In FIG. 2, a notch 8 is provided in the saw blade of the band saw 4, but it is also possible to embed a non-magnetic material 9 in this notch 8 as shown in FIG. This prevents erroneous detection caused by cutting debris etc. entering the band saw 8, and allows the roller 15 shown in FIG. 5 to contact the band saw 4 more smoothly.

In FIG. 5, the detection mechanism section 7 uses two rollers 15, two springs 16, and two stopper pins 17, but as shown in FIG.
The same effect can be obtained even if one end of the saw cover 5 is rotatably supported by a pin 18 at an appropriate position on the saw cover 5, and one roller 15, one spring 16, and one stopper pin 17 are provided and slidably supported on the saw cover 5. That's what you get.

Further, in FIG. 2, a notch 8 is provided in the saw blade of the band saw 4, but it is also possible to provide a small hole and arrange the detector 10 at a small distance on the side of the band saw 4. It is also possible to embed a non-magnetic material inside.

In FIG. 7, the pitch of the blade of the band saw 4 is determined by counting the number of notches 8 provided on the band saw 4, but the notches 8 provided on the band saw 4 are coded and arranged as shown in FIG. It is also possible to identify the pitch types of the blades of many bandsaws 4 using a small number of notches 8.

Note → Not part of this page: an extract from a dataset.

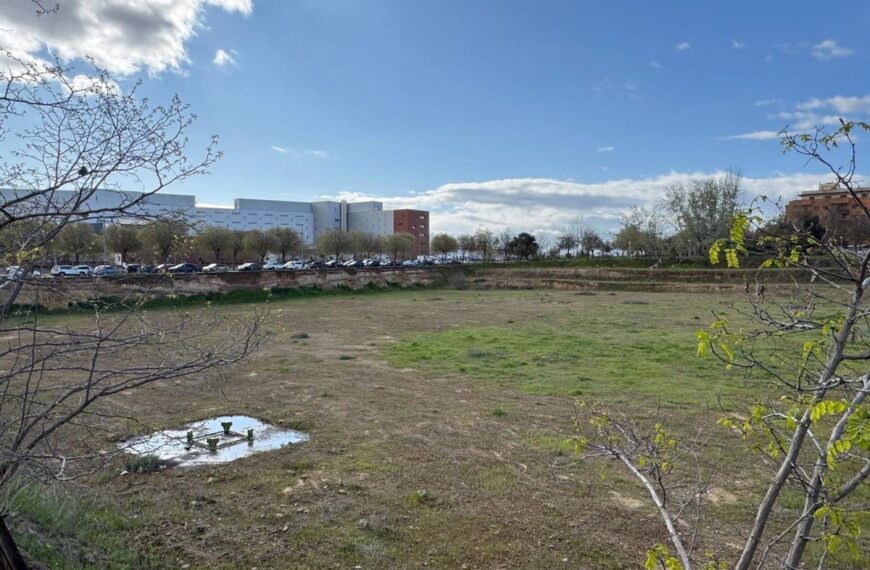 Las obras del campus biosanitario de Ciudad Real se licitarán en junio y estarán listas a finales de 2027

FIG. 10 shows a case where the maximum number of notches 8 is four, and from the left side of the figure, the first notch 8 is the notch 8 that serves as a reference indicating the start of the coded notch 8. The second to fourth notches 8 are the notches 8 coded for identification.
It is. In Fig. 10, there is a notch 8 in the second and fourth pieces, and there is no notch 8 in the third piece, which is expressed as "101" in coded form.
becomes.

Therefore, the pitch of the blades of the eight types of band saws 4 can be determined depending on the presence or absence of three of the four notches 8. That is, if the number of notches 8 is N, then (N-
1) Able to identify ^two types.

The block circuit diagram and time chart for detecting and identifying the notch 8 shown in FIG. 10 are shown in FIGS. 9 and 11.
As shown in the figure. b, d, g, i, j, k in Figure 9,
l, m are B, D, G, I, J, K in Figure 11,
This corresponds to L and M. Figure 9 shows time 20 in Figure 7 as time 30, 31, 32, 33, 3.
4, these timers 30 to 34 are operated by the output signal of the waveform shaping circuit 21 after the output of the delay circuit 19 becomes logic "1". The timers 30 and 31 detect the first pulse of the waveform shaping circuit 21 corresponding to the reference notch 8 and output logic "1" signals at time T ₁ and time T ₃ (M, FIG. 11, respectively).
Then, after the timer 31 operates, the timer 32, 33, and 34 sequentially issue a logic "1" signal (J, K, L in FIG. ₁₁ ) at time T4, and the timer 3
During the time _T4 during which the outputs of outputs 2, 33, and 34 are at logic "1", the determination circuit 21 detects the presence or absence of a pulse signal from the waveform shaping circuit 21 corresponding to the coded notch 8. . In this case as well, as in Fig. 7, the detection operation must be performed twice.
The second detected value is adopted as the true value. The time T ₃ is set to about 1/2 of the time T ₄ , and the time T ₄ is set so that even if the time interval between each pulse of the waveform shaping circuit 21 changes somewhat, it can be detected reliably.

Furthermore, as conditions for setting the optimal circumferential speed of the band saw 4, the pitch of the blade of the band saw 4, the material of the material to be cut, and the cutting load are also required, but the adjustment knob for setting the load is equipped with a detector. By converting it into an electrical signal corresponding to the load, inputting it to the circumferential speed indicating circuit 24 in FIG. 7, and calculating it, the optimum circumferential speed can be determined based on the pitch of the blade of the band saw 4, the material of the material to be cut, and the cutting load. It is possible to set it automatically.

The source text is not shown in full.